:: To do ::
Repeat only part of the entries. Start at the line that has "Black Salty Crew Call Sign Short Sleeve Tee" and keep going through the last line, exactly as given.

Dataset entries

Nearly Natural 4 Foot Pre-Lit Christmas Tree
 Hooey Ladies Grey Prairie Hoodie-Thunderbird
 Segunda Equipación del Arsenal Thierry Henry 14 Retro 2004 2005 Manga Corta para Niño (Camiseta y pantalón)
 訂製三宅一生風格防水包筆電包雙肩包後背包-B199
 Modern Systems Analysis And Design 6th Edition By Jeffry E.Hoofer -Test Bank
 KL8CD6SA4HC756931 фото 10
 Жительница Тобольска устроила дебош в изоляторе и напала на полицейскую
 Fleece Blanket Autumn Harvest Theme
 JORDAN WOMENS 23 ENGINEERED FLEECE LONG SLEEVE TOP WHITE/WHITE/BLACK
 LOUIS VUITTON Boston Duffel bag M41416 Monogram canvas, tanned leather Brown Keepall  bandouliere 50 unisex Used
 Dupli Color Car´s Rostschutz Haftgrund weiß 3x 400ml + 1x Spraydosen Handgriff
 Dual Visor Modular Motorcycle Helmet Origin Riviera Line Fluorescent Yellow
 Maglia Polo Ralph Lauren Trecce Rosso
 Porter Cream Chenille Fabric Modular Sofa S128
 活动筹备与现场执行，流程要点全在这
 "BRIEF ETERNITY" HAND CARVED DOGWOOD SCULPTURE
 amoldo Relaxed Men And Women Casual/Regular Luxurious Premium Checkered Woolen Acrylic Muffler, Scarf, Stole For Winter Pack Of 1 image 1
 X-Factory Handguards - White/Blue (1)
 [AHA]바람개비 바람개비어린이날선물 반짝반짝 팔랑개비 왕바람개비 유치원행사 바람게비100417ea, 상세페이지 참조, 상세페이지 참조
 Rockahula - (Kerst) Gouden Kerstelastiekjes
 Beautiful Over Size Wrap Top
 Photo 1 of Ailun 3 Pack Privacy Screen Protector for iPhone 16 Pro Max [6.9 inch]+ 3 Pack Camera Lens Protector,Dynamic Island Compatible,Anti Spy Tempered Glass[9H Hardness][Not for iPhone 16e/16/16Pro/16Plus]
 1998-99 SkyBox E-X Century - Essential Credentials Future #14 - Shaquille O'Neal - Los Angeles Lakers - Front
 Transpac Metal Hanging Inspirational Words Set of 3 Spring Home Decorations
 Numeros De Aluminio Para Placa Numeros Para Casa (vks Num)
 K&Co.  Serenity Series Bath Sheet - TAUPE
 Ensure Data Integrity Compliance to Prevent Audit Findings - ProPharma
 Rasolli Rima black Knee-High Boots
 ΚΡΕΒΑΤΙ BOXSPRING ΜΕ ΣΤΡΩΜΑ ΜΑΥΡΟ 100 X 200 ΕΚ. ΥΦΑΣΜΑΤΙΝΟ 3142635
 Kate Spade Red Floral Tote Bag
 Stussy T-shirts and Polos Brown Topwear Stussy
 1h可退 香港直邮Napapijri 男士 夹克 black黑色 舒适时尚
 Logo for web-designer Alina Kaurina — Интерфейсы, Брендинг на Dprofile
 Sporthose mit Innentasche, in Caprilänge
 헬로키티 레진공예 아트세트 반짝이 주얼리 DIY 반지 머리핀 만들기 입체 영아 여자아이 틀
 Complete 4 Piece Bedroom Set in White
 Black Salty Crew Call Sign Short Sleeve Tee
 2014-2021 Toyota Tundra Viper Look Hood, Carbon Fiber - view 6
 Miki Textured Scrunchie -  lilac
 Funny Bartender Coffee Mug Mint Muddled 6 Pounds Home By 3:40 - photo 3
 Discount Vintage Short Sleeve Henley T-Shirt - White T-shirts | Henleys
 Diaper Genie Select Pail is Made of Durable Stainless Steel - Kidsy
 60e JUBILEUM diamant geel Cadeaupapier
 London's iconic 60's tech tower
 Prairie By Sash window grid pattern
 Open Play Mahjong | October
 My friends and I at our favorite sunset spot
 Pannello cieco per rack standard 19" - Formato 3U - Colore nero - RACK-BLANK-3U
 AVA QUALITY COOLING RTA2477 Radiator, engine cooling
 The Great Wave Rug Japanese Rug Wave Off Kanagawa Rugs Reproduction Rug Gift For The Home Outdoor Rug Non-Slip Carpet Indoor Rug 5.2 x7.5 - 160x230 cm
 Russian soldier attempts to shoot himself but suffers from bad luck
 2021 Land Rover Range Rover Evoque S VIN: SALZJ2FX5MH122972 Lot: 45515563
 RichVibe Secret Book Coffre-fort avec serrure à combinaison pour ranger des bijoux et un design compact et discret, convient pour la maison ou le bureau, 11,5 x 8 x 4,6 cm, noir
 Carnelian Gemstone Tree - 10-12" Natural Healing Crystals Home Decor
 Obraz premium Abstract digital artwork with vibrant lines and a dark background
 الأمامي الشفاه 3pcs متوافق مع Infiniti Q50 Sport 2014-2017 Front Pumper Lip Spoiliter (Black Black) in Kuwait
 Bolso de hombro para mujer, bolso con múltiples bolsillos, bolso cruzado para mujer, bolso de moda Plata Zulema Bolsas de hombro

:: The completed task ::
 Black Salty Crew Call Sign Short Sleeve Tee
 2014-2021 Toyota Tundra Viper Look Hood, Carbon Fiber - view 6
 Miki Textured Scrunchie -  lilac
 Funny Bartender Coffee Mug Mint Muddled 6 Pounds Home By 3:40 - photo 3
 Discount Vintage Short Sleeve Henley T-Shirt - White T-shirts | Henleys
 Diaper Genie Select Pail is Made of Durable Stainless Steel - Kidsy
 60e JUBILEUM diamant geel Cadeaupapier
 London's iconic 60's tech tower
 Prairie By Sash window grid pattern
 Open Play Mahjong | October
 My friends and I at our favorite sunset spot
 Pannello cieco per rack standard 19" - Formato 3U - Colore nero - RACK-BLANK-3U
 AVA QUALITY COOLING RTA2477 Radiator, engine cooling
 The Great Wave Rug Japanese Rug Wave Off Kanagawa Rugs Reproduction Rug Gift For The Home Outdoor Rug Non-Slip Carpet Indoor Rug 5.2 x7.5 - 160x230 cm
 Russian soldier attempts to shoot himself but suffers from bad luck
 2021 Land Rover Range Rover Evoque S VIN: SALZJ2FX5MH122972 Lot: 45515563
 RichVibe Secret Book Coffre-fort avec serrure à combinaison pour ranger des bijoux et un design compact et discret, convient pour la maison ou le bureau, 11,5 x 8 x 4,6 cm, noir
 Carnelian Gemstone Tree - 10-12" Natural Healing Crystals Home Decor
 Obraz premium Abstract digital artwork with vibrant lines and a dark background
 الأمامي الشفاه 3pcs متوافق مع Infiniti Q50 Sport 2014-2017 Front Pumper Lip Spoiliter (Black Black) in Kuwait
 Bolso de hombro para mujer, bolso con múltiples bolsillos, bolso cruzado para mujer, bolso de moda Plata Zulema Bolsas de hombro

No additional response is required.